[DATA SECTION]:
============================================================

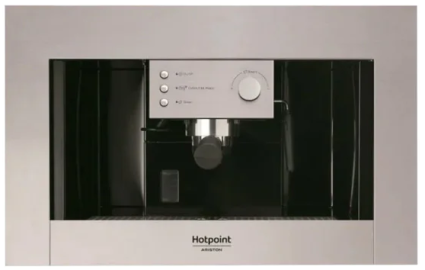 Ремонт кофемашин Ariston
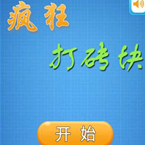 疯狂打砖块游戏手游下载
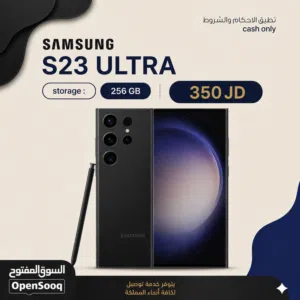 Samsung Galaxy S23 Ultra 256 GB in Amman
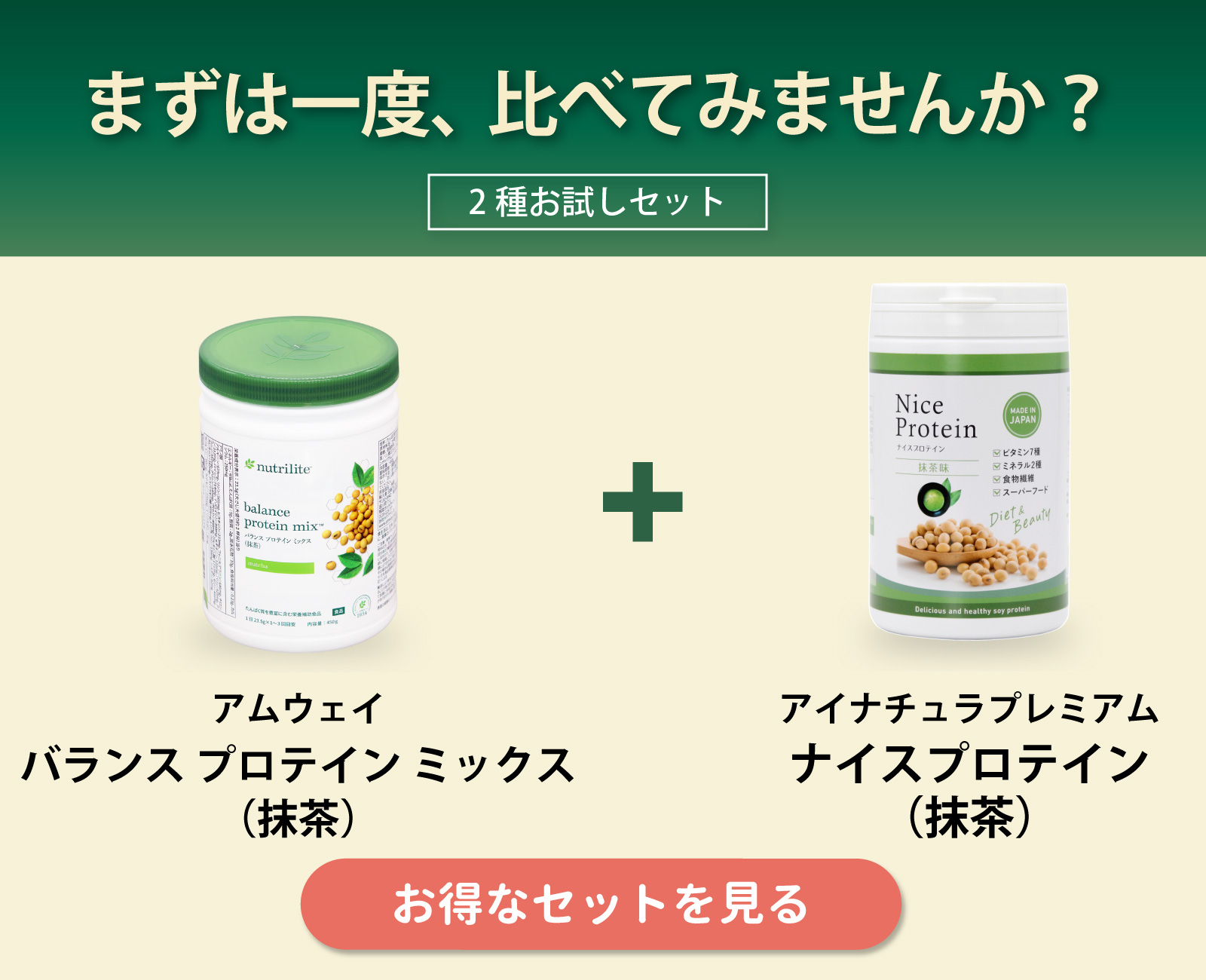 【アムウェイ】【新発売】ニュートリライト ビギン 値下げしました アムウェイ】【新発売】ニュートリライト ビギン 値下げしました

============================================================

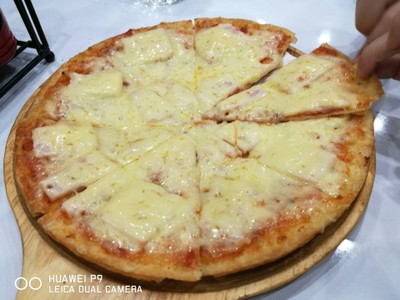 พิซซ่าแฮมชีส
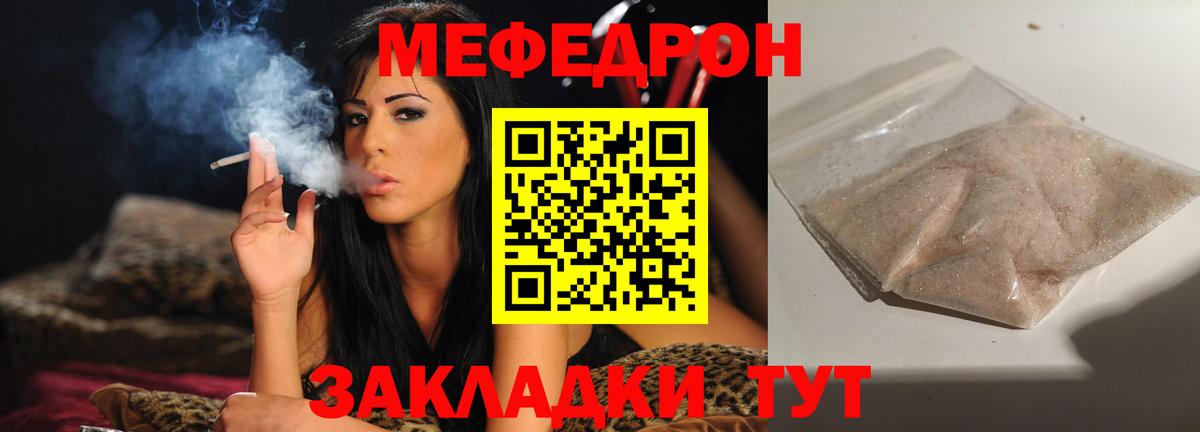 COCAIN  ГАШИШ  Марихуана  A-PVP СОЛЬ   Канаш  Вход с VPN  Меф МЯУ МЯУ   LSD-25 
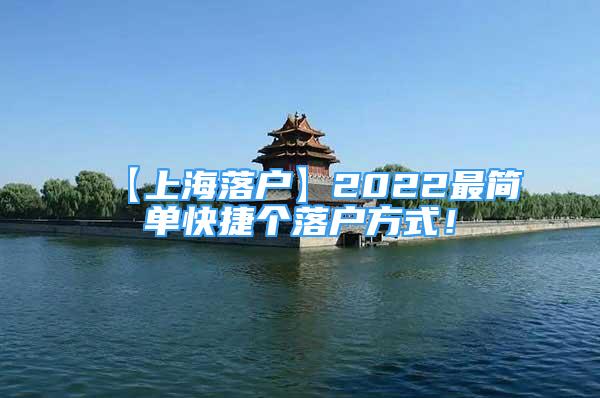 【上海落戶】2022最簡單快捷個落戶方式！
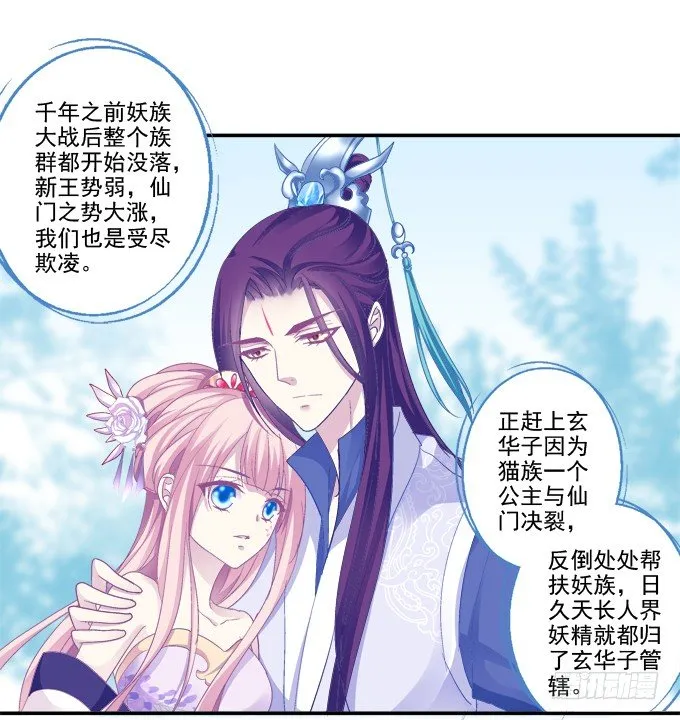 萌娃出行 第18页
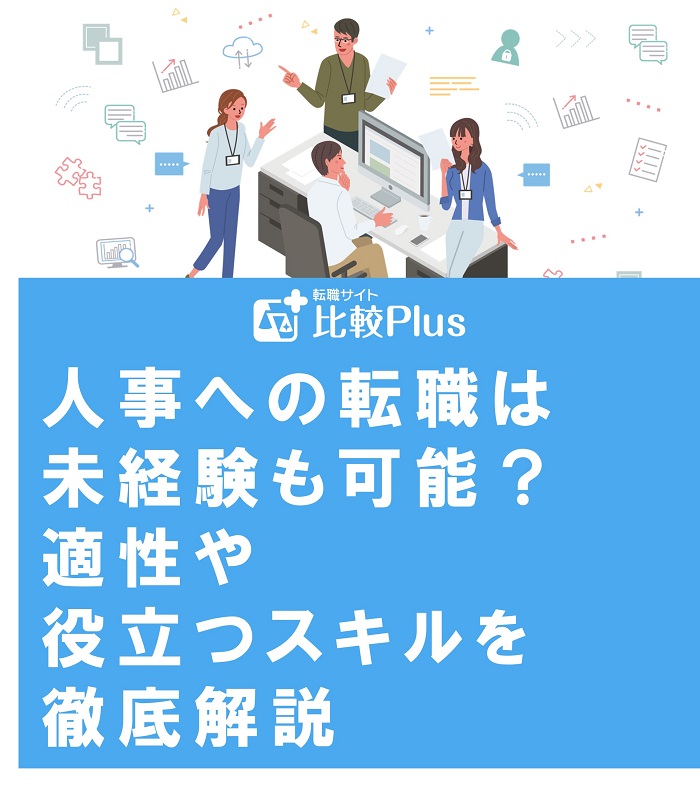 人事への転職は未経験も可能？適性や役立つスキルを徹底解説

============================================================

[REQUIRED WORK]: Between and including the line with "Ремонт кофемашин Ariston" and the line with "値下げしました アムウェイ】【新発売】ニュートリライト ビギン 値下げしました", repeat every line exactly as it appears above, with pictures left out.

[ANSWER TO THIS TASK]:
 Ремонт кофемашин Ariston
 疯狂打砖块游戏手游下载
 Samsung Galaxy S23 Ultra 256 GB in Amman
 【アムウェイ】【新発売】ニュートリライト ビギン 値下げしました アムウェイ】【新発売】ニュートリライト ビギン 値下げしました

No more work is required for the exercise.